Did I enjoy not being able to leave home for more than eight weeks? No.

But, this Proverb tells us we can choose between liking instruction and knowledge—which is wise—and hating reproof (correction) and being a brute.

What is this instruction we’re supposed to enjoy? Godly instruction.

Do we bristle when God tells us what to do? If so, we might want to discontinue reading this chapter, because, trust me, it is full of instruction.

Do we hate being told we’re wrong? Yes. But, this is God’s discipline, not just anybody’s criticism.

Should we care what God thinks? Of course.

Verses 2 and 3 present a good man. He has God’s favor and is rooted in righteousness. Sounds like Psalm 1 to me: And he shall be like a tree planted by the rivers of water, that bringeth forth his fruit in his season; his leaf also shall not wither; and whatsoever he doeth shall prosper (Psalm 1:3).

For the Christian, rooting and grounding looks like this: That Christ may dwell in your hearts by faith; that ye, being rooted and grounded in love, May be able to comprehend with all saints what is the breadth, and length, and depth, and height; And to know the love of Christ, which passeth knowledge, that ye might be filled with all the fulness of God (Ephesians 3:17-19). See how this instruction and knowledge bear themselves out in manifestations of God’s love?

Verses 2 and 3 also address the bad man—wicked—who suffers from his own devices.

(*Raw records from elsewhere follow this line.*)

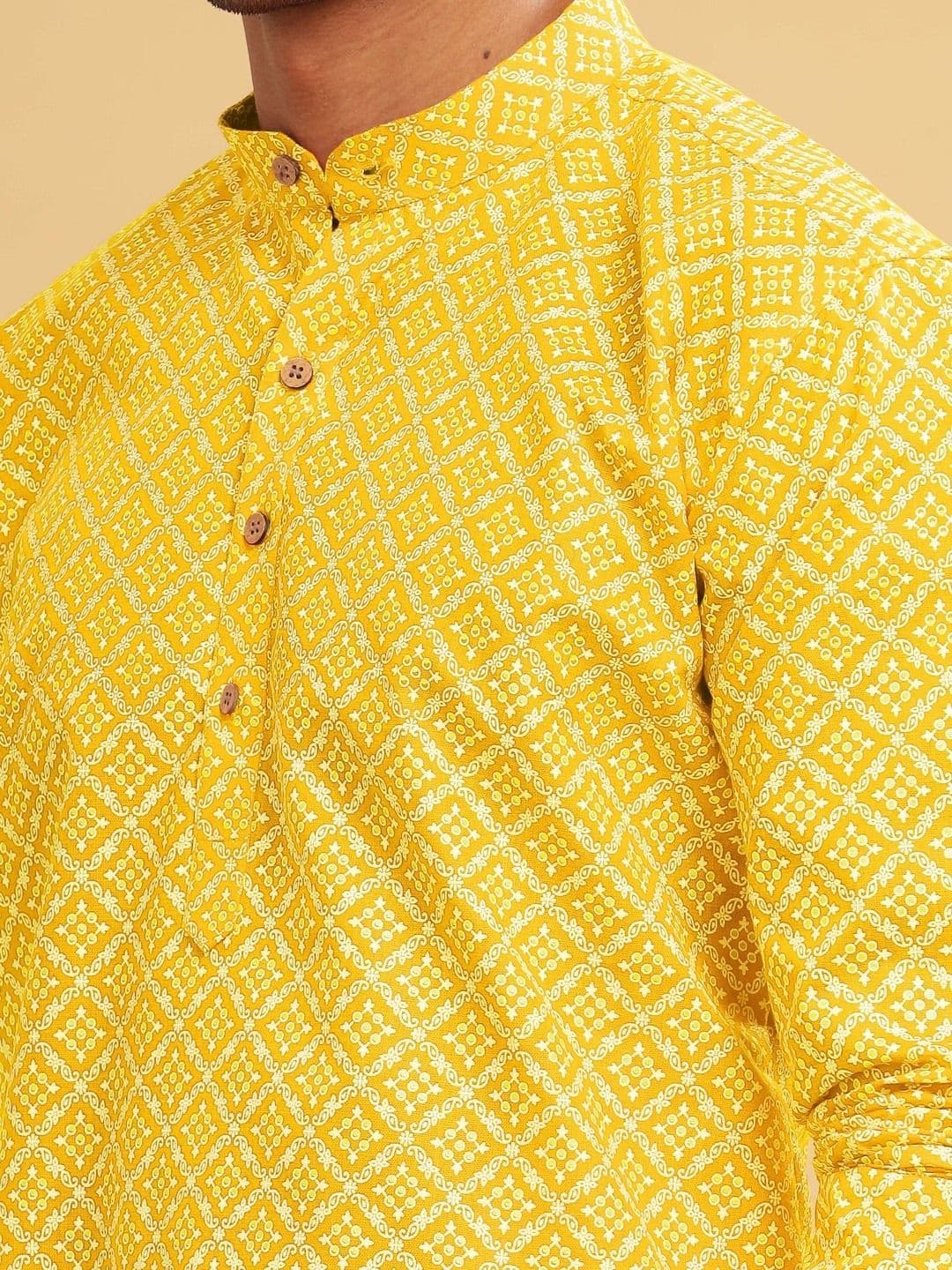 Anouk Printed Band Collar Straight Long Kurta thumbnail 2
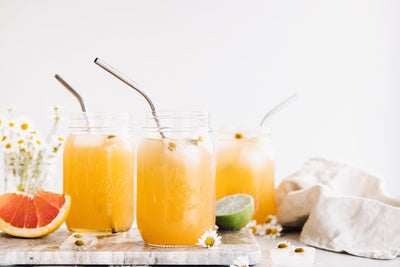 Spring mocktail with flower ice cubes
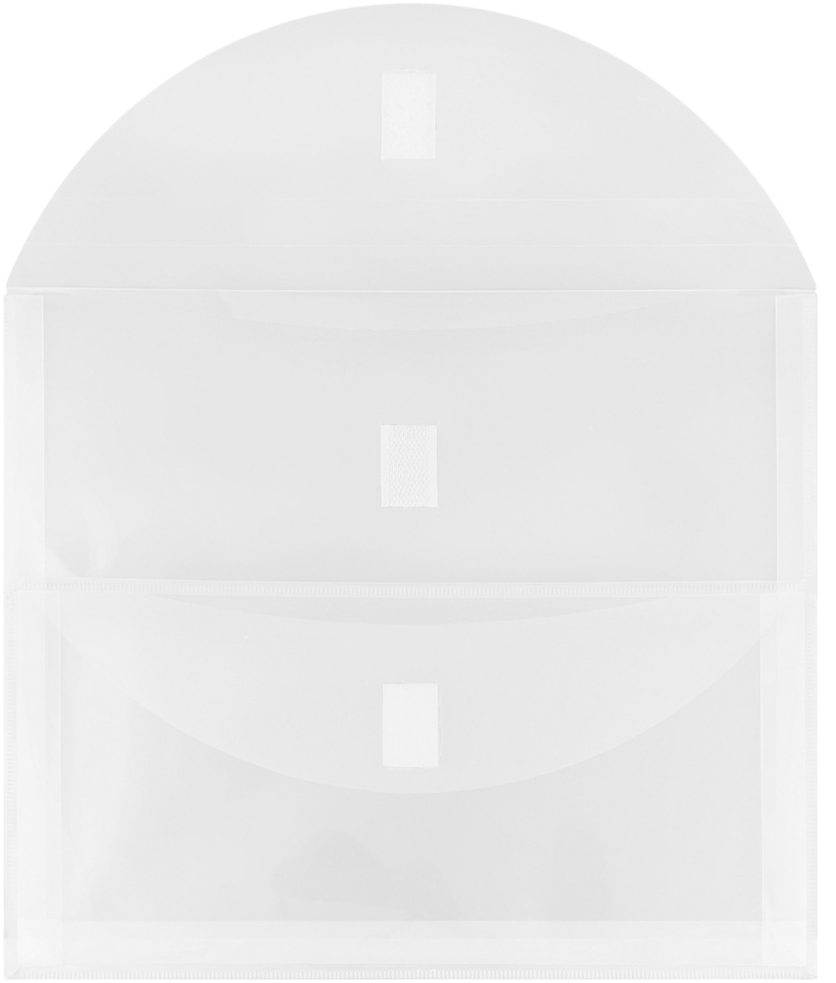 Clear Letter Booklet 2 Pocket Plastic Envelopes (9 3/4 x 13) with Hook and Loop Closure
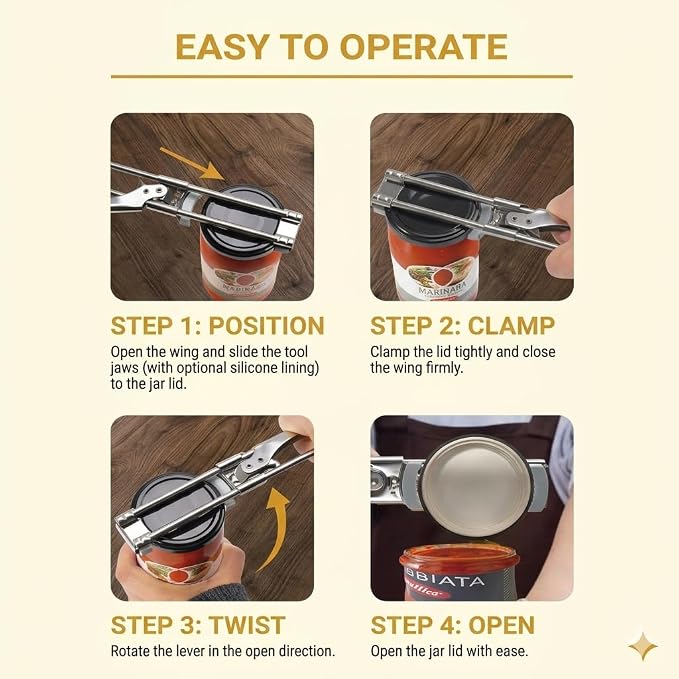 Adjustable Jar Opener –2026 Stainless Steel Can & Bottle Opener - Image 2
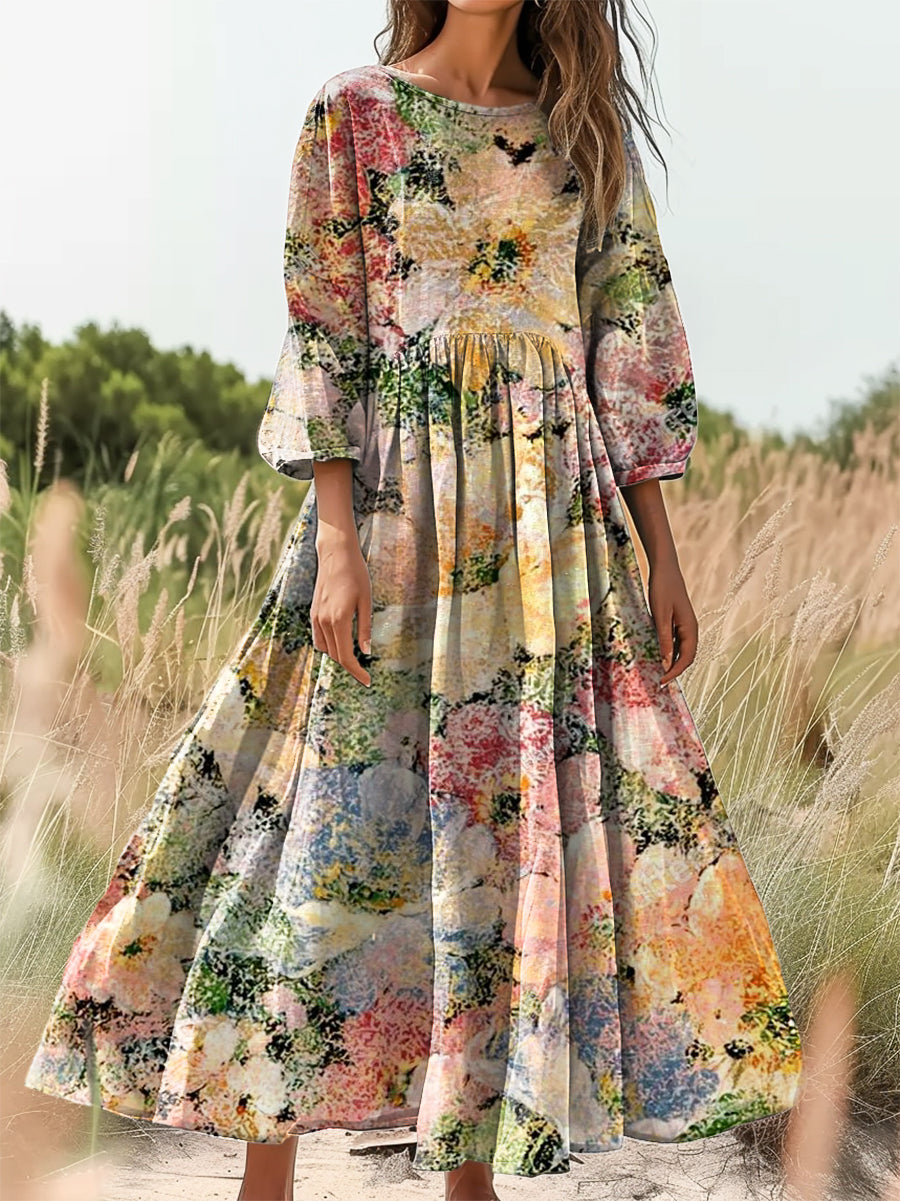 Women's Abstract Floral Print Flowy Crew Neck Pocket Cotton Dress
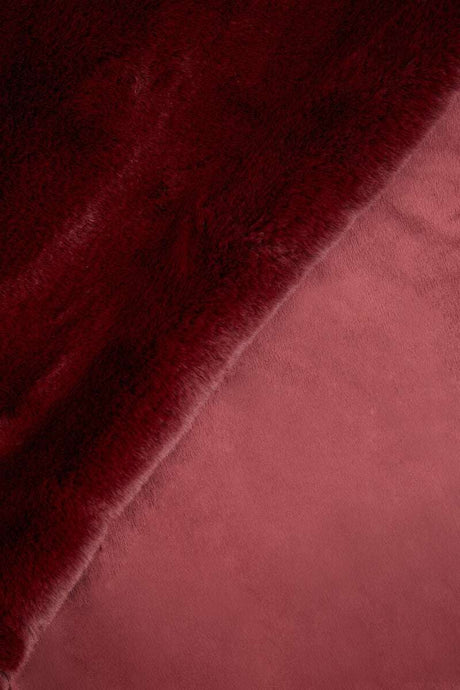 Orsina Luxe Fur Throw in Deep Burgundy, Soft and Cozy for Home Decor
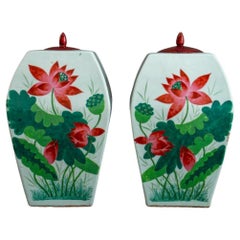 Pair of Chinese Iron Red Foo Dog Porcelain Ginger Jars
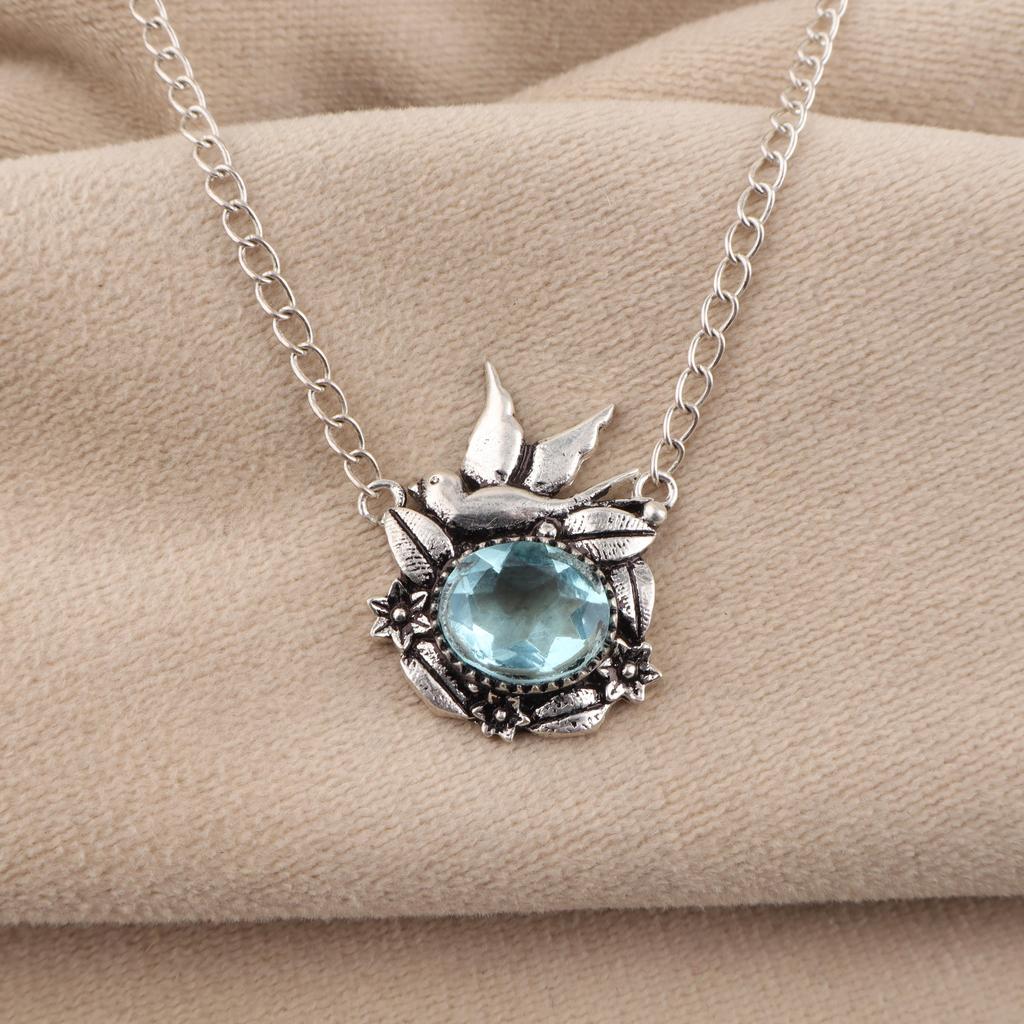 Natural Sky Blue Topaz Gemstone Silver Boho Pendant 0.5" 925 Sterling Silver Jewelry For Valentine/Anniversary Gift CP-43-3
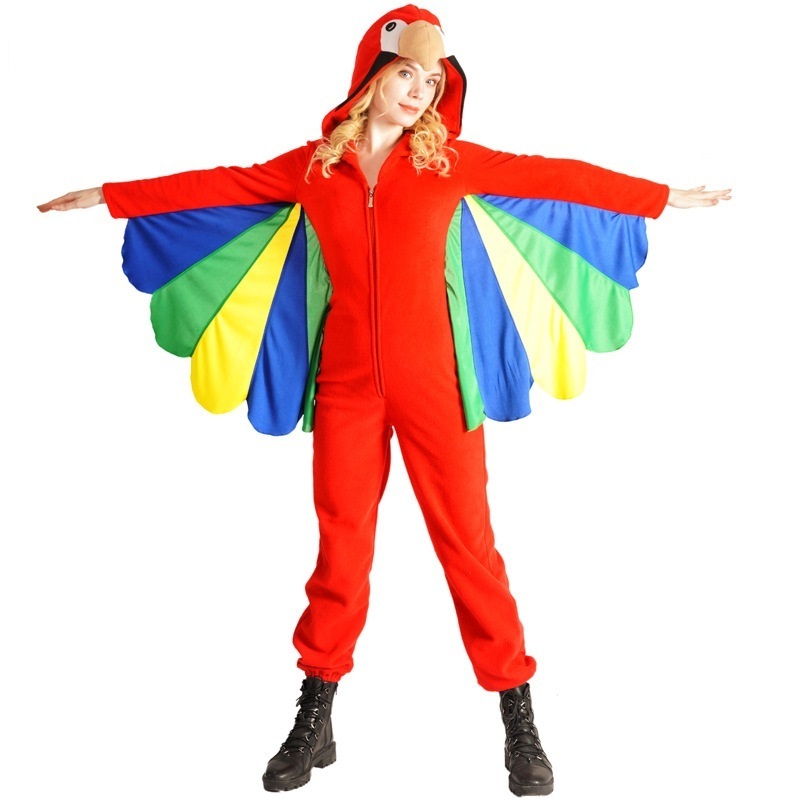 New Design Animal Role Play parrot Cosplay Red Jumpsuit Costume Outfit for Adult Halloween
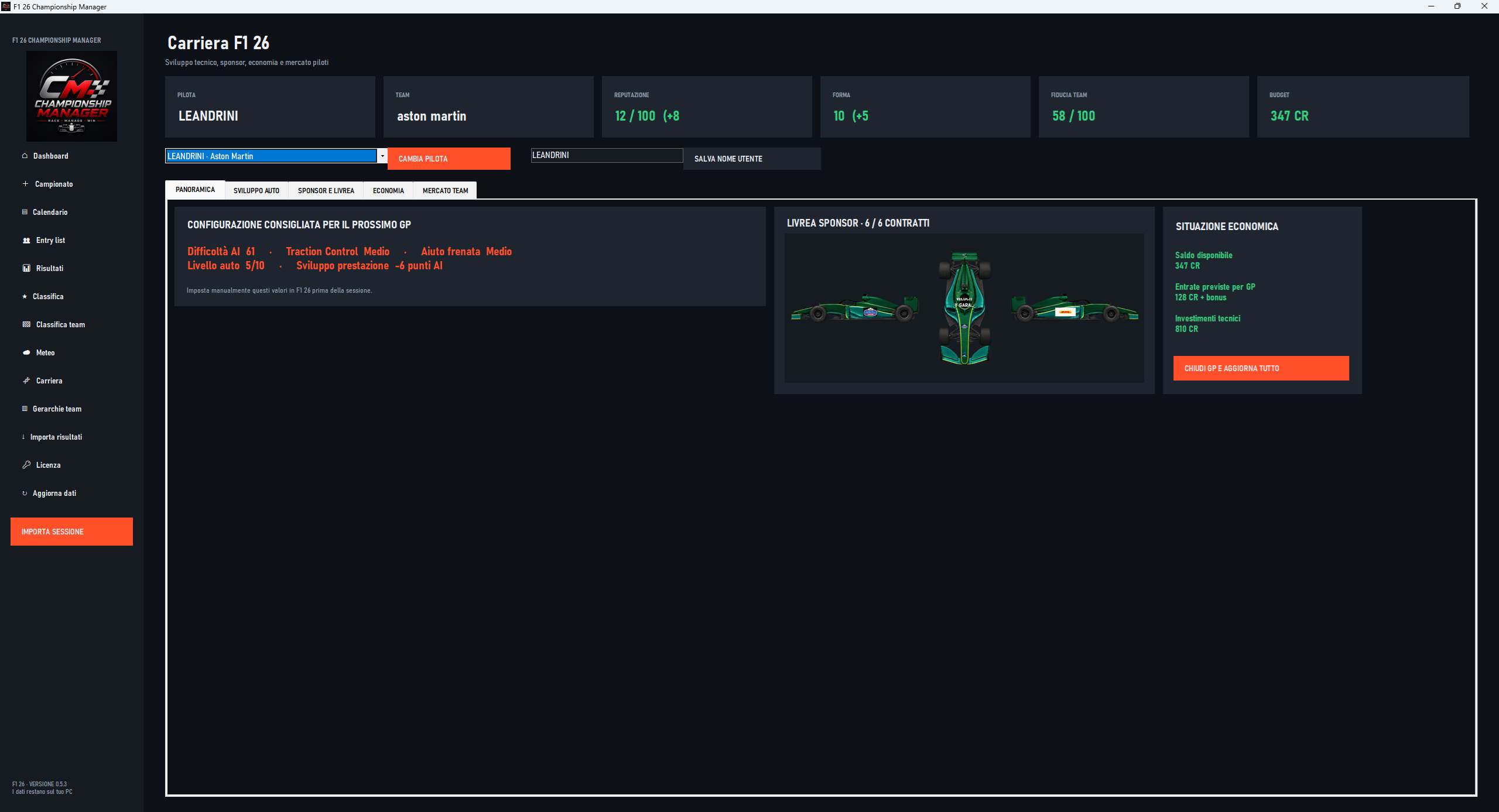 Carriera personale in F1 26 Championship Manager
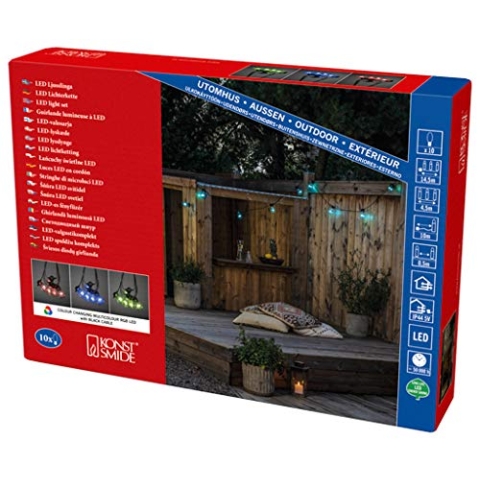 Konstsmide LED Biergartenkette, mit RGB-Farbwechsel, 10 klare Birnen / 60 RGB Dioden, 5V Außentrafo, schwarzes Kabel - 2381-500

Verse 4 turns to women. A virtuous woman is a crown to her husband. What an image! You can just see the guy, his head held high. He has a wife who loves him, believes in him, helps him, and makes sure he succeeds. She’s his crown. Gold, perhaps? For sure, she’s precious and valuable. She makes him proud.

The bad wifeshe that maketh ashamedis as rottenness in his bones. The Greek word for “rottenness” means riddled with termite holes. This guy is literally weakened and ruined by his wife. Sad, indeed!

Wives, would you rather be a gleaming crown or a termite? You choose.

In verses 5 through 9, we see the contrasts between the thoughts and actions of righteous people—those who care what God thinks—and wicked persons.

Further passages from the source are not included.